Rob Karas, the director of the NCATS team, tells Federal News Radio about the changes the team is undergoing: 

“If there were three different groups doing assessments, now they are realigned under NCATS. We are no longer just doing the risk and vulnerability assessments and cyber hygiene now. We are getting the industrial control systems, which do the design and architecture reviews, the Network Architecture Verification and Validation (NAVV) review and Industrial Control Systems-Computer Emergency Readiness Team (ICS-CERT) Cyber Security Evaluation Tool (CSET) assessments. We will be able to take them and integrate what they have built with what we have built and have a better product for our customers and stakeholders.”

NCATS Assess Feds’ Cybersecurity Vulnerabilities

According to the DHS, NCATS leverages existing “best in breed” cybersecurity assessment methodologies, commercial best practices and integration of threat intelligence to give CIOs, CISOs and their staffs decision-making and risk management guidance and recommendations.

“NCATS provides an objective third-party perspective on the current cybersecurity posture of the stakeholder’s unclassified operational/business networks,” the agency notes. “NCATS security services are available at no cost to stakeholders and can range from one day to two weeks depending on the security services required.”

Despite having such an important job, NCATS is not a flashy outfit. As Federal News Radio reports, the team operates out of a nondescript building in Arlington, Va., just outside of the nation’s capital.

Karas tells Federal News Radio that the group has 615 federal, local and state government, and private-sector customers who receive reports on critical, high, medium and low vulnerabilities and how to address them. NCATS conducts 38 million scans of internet addresses daily, according to Karas.

The NCATS team is a mixture of ages and only in October 2017 had its first all-hands meeting in Arlington with about 50 employees from around the country.
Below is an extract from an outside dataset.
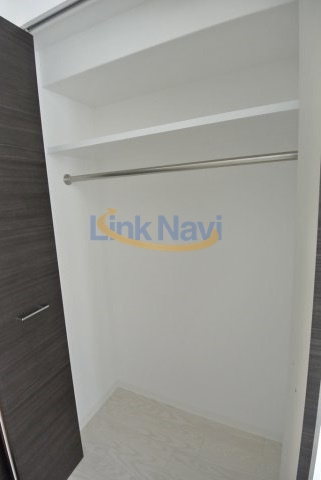 【収納】 | スワンズシティ大手前ソレイユ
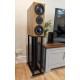 SC CX700 106 Speaker Stands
NCATS was on pace to perform 30 federal agency penetration testing and risk assessments in 2017, up from just a handful a few years ago. Karas tells Federal News Radio that the assessments and penetration testing help agencies uncover longstanding vulnerabilities and give CIOs and CISOs the data and empowerment to protect HVAs. NCATS also helps agencies put in place several binding operational directives DHS issued over the past 18 months to improve agencies’ cybersecurity posture.

“We create scorecards and have reporting for all 105 agencies who are meeting the metrics,” Karas says. “It gives agencies the power to fix things that they may not have had the power to fix before because it’s now mandated.”

Don Benack, the cybersecurity assurance program manager for NCATS, tells Federal News Radio that NCATS’ scanning, vulnerability testing and cyberhygiene programs has helped agencies cut the amount of time it takes to fix critical vulnerabilities.

“It’s probably the most important metric in that program,” he says. “When we started scanning a number of years ago, there were hundreds of critical vulnerabilities present on federal systems, publicly accessible systems, and the average time to close those vulnerabilities was slightly over a year. Today, we have it down to a small handful of critical vulnerabilities and the average time has gone from just over a year down to 17 days. That is a dramatic improvement.”

NCATS has been able to identify the vulnerabilities of high-valued systems, Benack says, and also give key federal IT leaders the right data on vulnerabilities and the ability to promote best practices.

The goal, Benack says, is to lay out agencies’ vulnerabilities so that they can manage their risks, mitigate vulnerabilities and understand their networks and systems better.

“My vision is to be able to share the data within the NCCIC and make it a world-class leader in this curating industry,” he tells Federal News Radio. “IT changes in microseconds. We need to be able to adapt and get through the bureaucracy and be able to get the information and data out in a timely fashion.”